Community and family mourn founder of Skipolini’s and father of the CBCA

Skip Ipsen and Ed_Pierce for websiteLester “Skip” Ipsen, community leader and founder of Skipolini’s Pizza died at home on March 18 after a long illness. Last Friday, nearly a thousand friends and family packed St. Bonaventure’s Catholic Church to share more laughs than tears in remembering a man who hadn’t yet learned to make good pizza when he opened the first Skipolini’s Pizza Garden in 1974. In fact, said Ed Moresi, owner of Ed’s Mudville Grill and Moresi’s Chophouse, there was no pizza at all on opening day because the dough machine had not yet been delivered.

Moresi was Skipolini’s first employee, bussing tables alongside Skip’s sons Kent and Eric.

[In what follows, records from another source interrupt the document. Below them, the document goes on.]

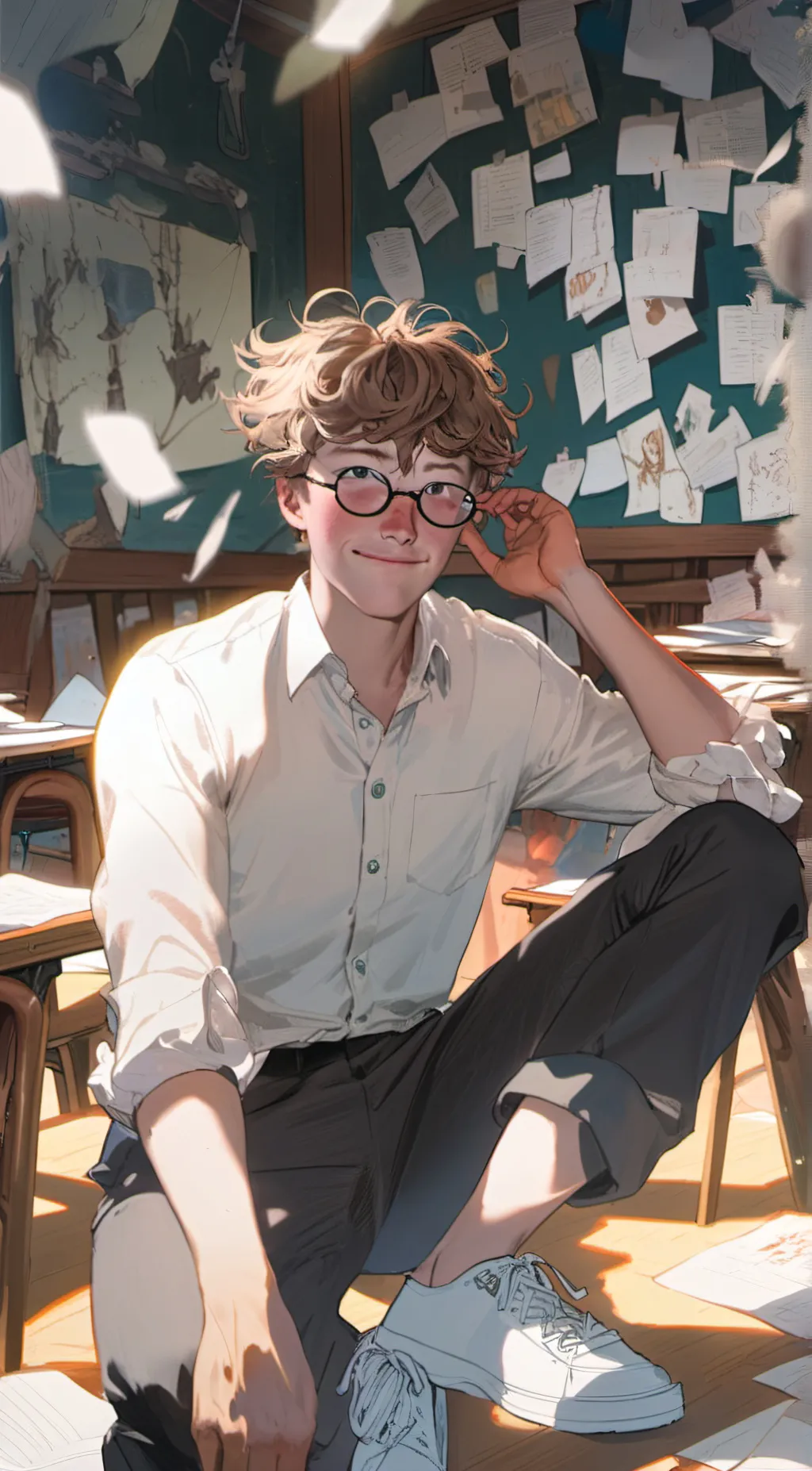 ai character: Tyler. background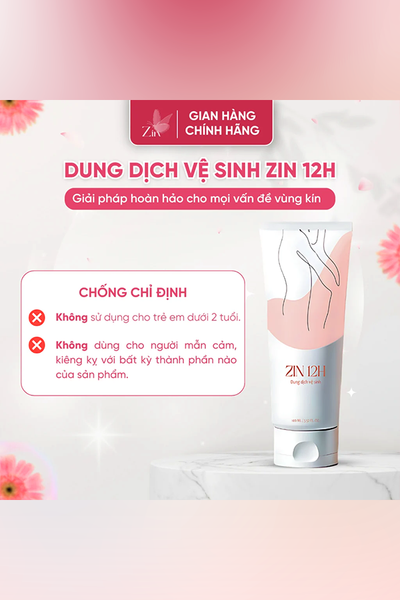 DDVS Phụ Nữ Zin12h - Khử Mùi Hôi, Kháng Khuẩn An Toàn Cho Cả Mẹ Bầu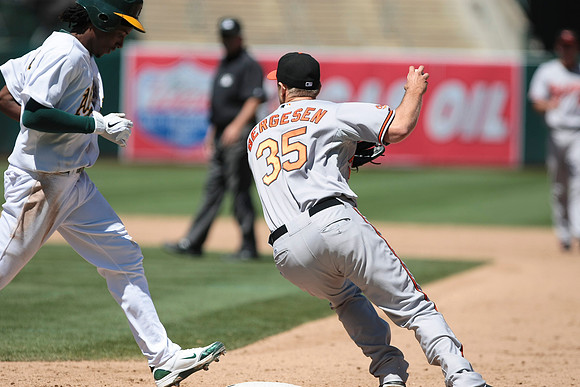 MLB: Baltimore Orioles at Oakland Athletics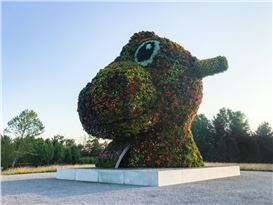 Jeff Koons ‘Split-Rocker’ Sculpture Gifted to LACMA by Lynda and Stewart Resnick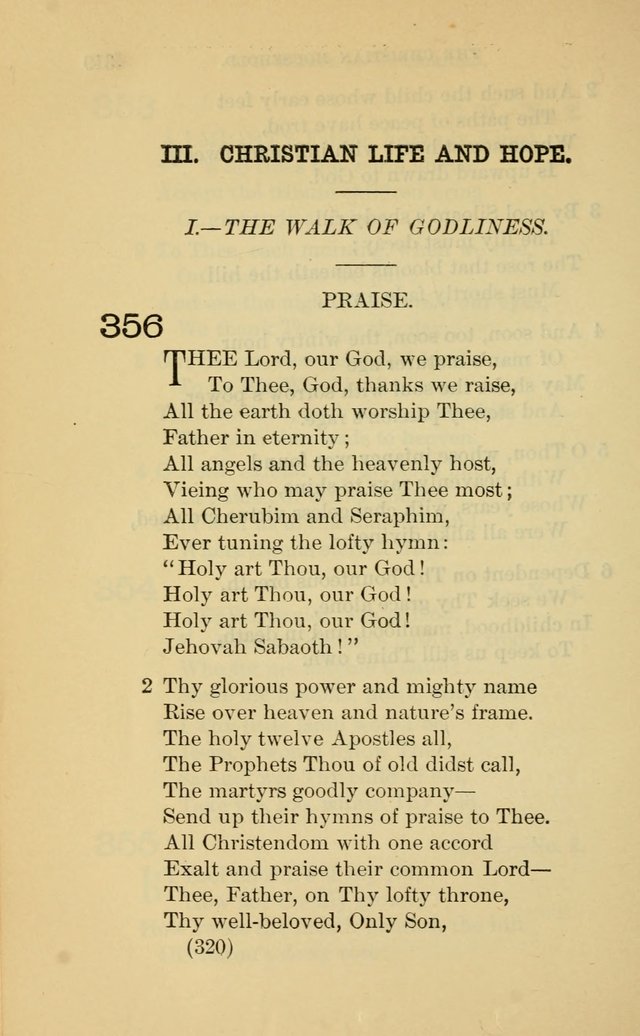 Evangelical Lutheran Hymnal page 320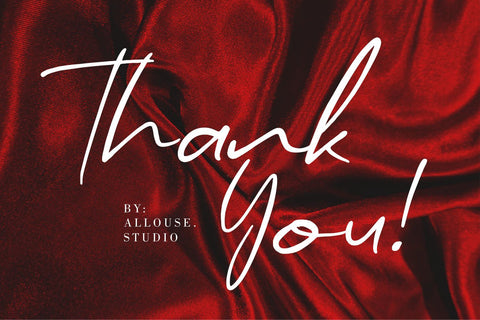 Morning Glow - Handwritten Script Font Font Allouse.Studio 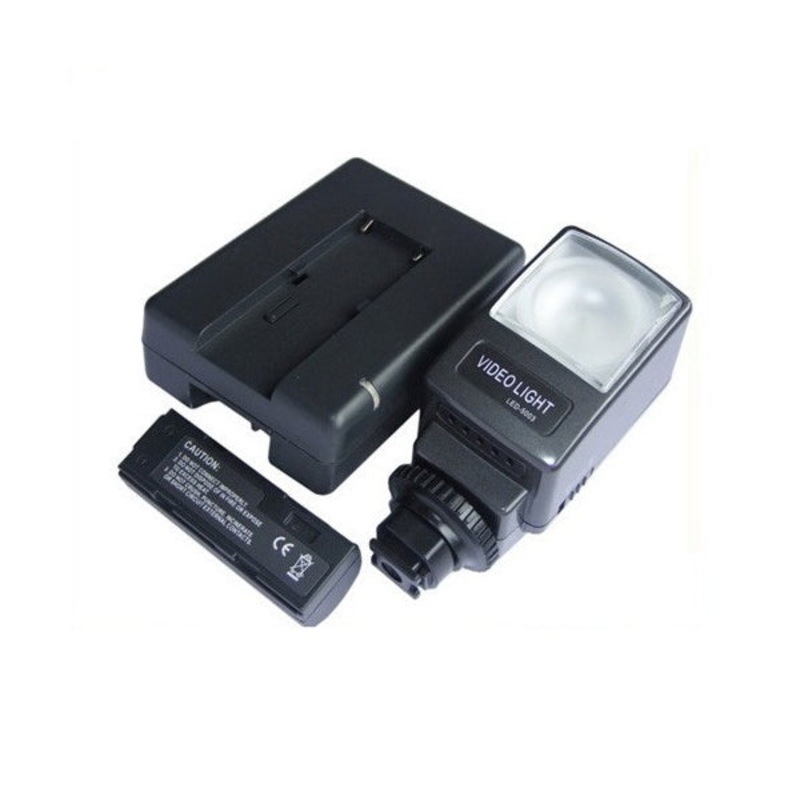 Video Light LED Lamp Rechargeable for Canon Nikon Camera DV Camcorder – 500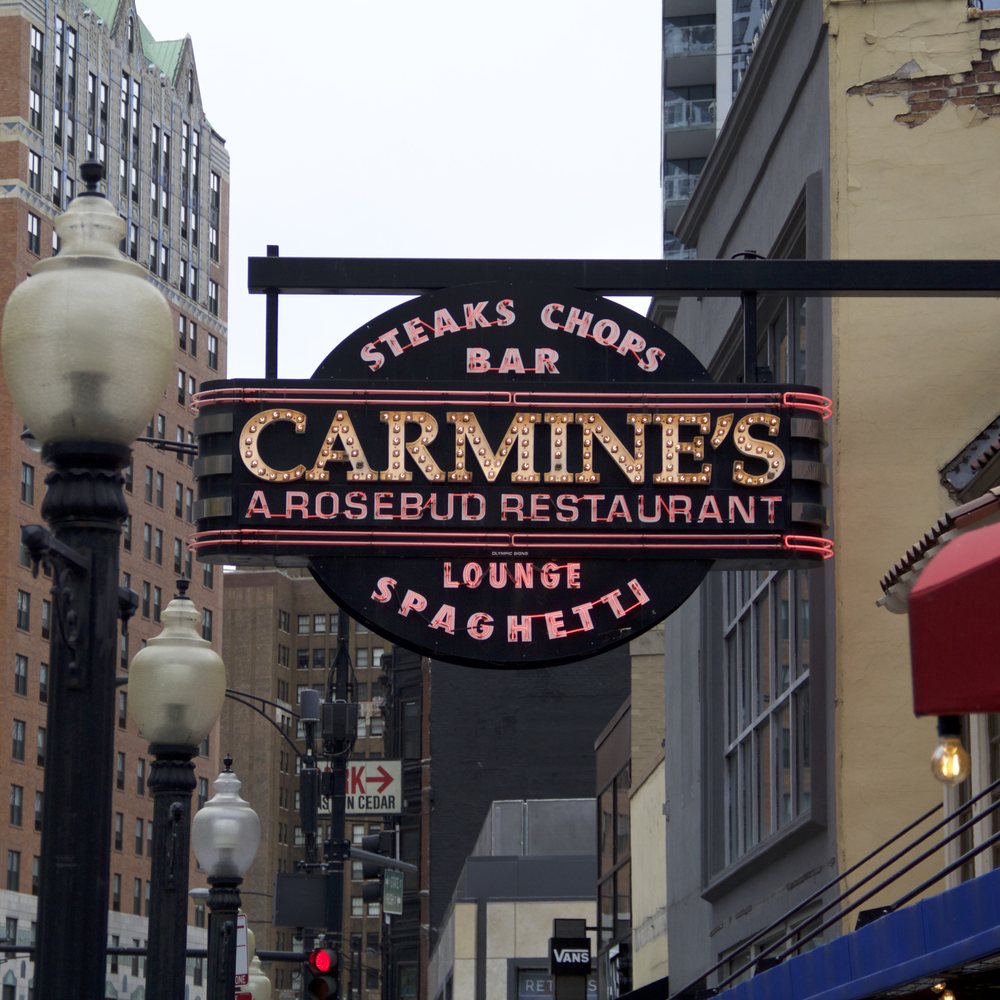Carmine's - Front of restaurant. - Italian Near Me - Chicago, Illinois Carmine's - Front of restaurant. - Italian Near Me - Chicago, Illinois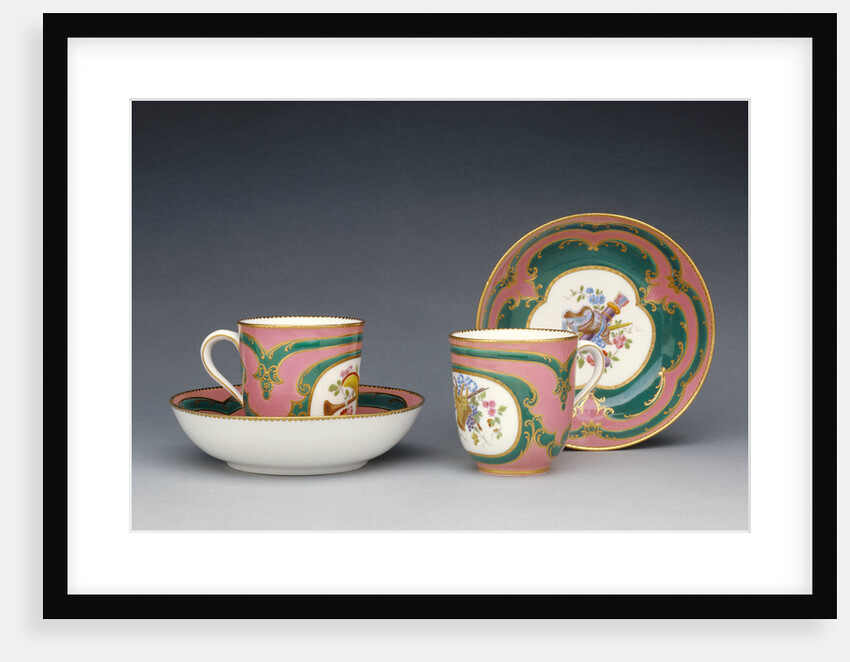 Pair of Cups and Saucers (gobelets Calabre et soucoupes) by Charles Buteux père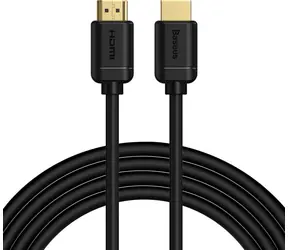 Baseus CAKGQ-C01 Kabel HDMI 2.0 (M) - HDMI 2.0 (M) 3 m czarny / 4K / 60 Hz / HDR / 18 Gb/s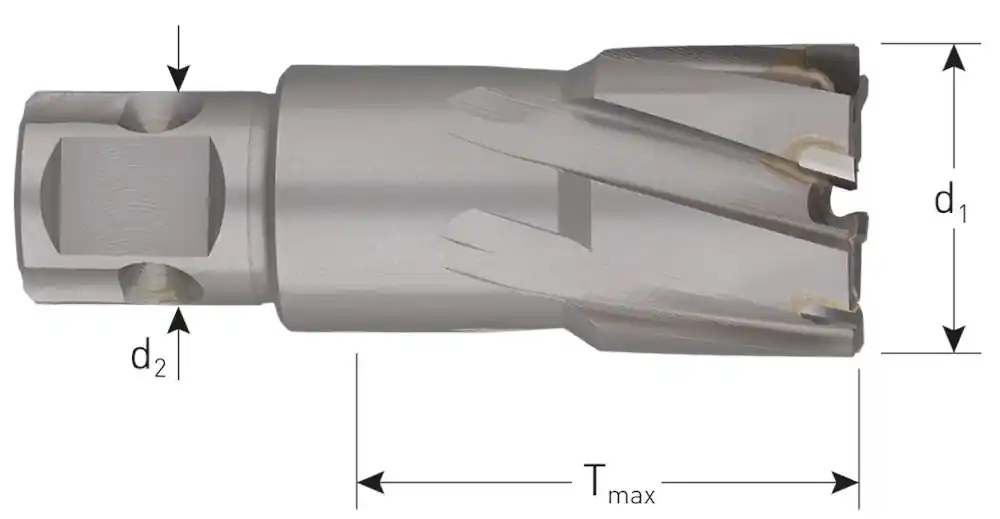 HM KERNBOOR HARD-LINE, UNIVERSEEL 19, ø58X40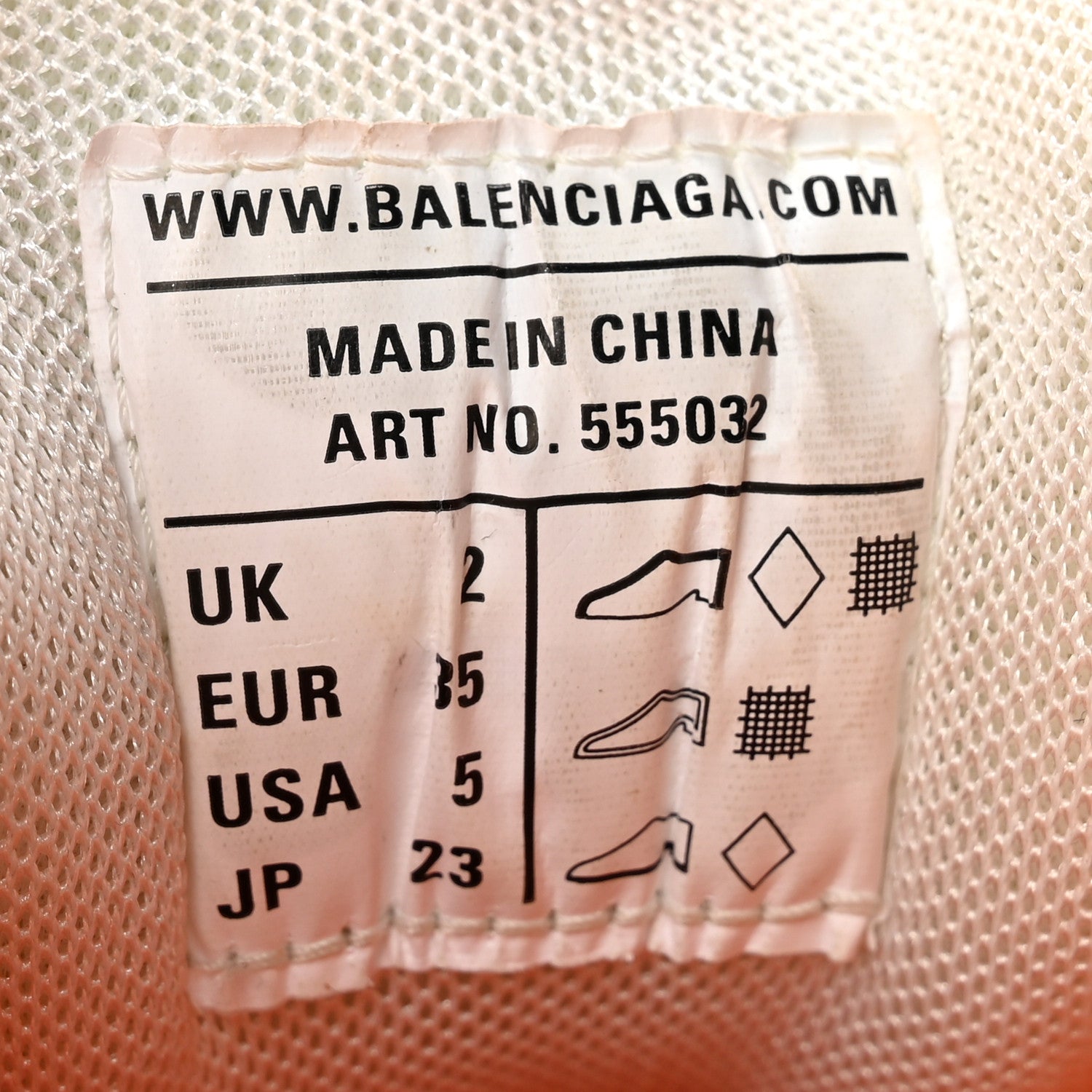 Balenciaga Rubber Mesh Fabric Monocolor Recycled Sole Womens Track Sneakers 35 White Orange 8 of 9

“We opened at 4 p.m. with sandwiches, salad, sangria, beer and wine, but no pizza,” Moresi said. “About 6 o’clock, a few friends walked through the door carrying boxes of Straw Hat Pizza.”

Skipolini’s has always been a family operation, says Kent Ipsen.

“Our prep kitchen was our backyard pool house, not ventilated and completely illegal. My brother and I were in charge of making dough.”

One very busy night, Skip phoned the boys for more dough. It was a good night for television and the task got squeezed in between commercials with several missteps along the way.

“When Dad got home to pick up the dough, it was soup,” Kent said. “He was furious, ranting to my mother who simply said ‘You’ve got a 12-year-old and a 13-year-old that you aren’t paying…and these are your prep cooks?’”

It got better from there.

With Kent running the day-to-day operations and under Skip’s watchful eye, Skipolini’s has grown to six locations throughout Northern California.

Making business better

Clayton is no longer the outlying little “burg” with a population of under 1,200 that Skip found in the late 1960s when the town leaders generally had a “no growth” attitude.

“Skip was a businessman at heart,” says long-time friend Pete Laurence. “From the beginning he pulled together a few other businesses to encourage a more pro-business environment.” He was one of the early founders of the Clayton Business and Professional Association, precursor to the current Clayton Business and Community Association.

“Skip was pleased with all the growth,” Laurence said, “even when Round Table Pizza came into what is now La Veranda.”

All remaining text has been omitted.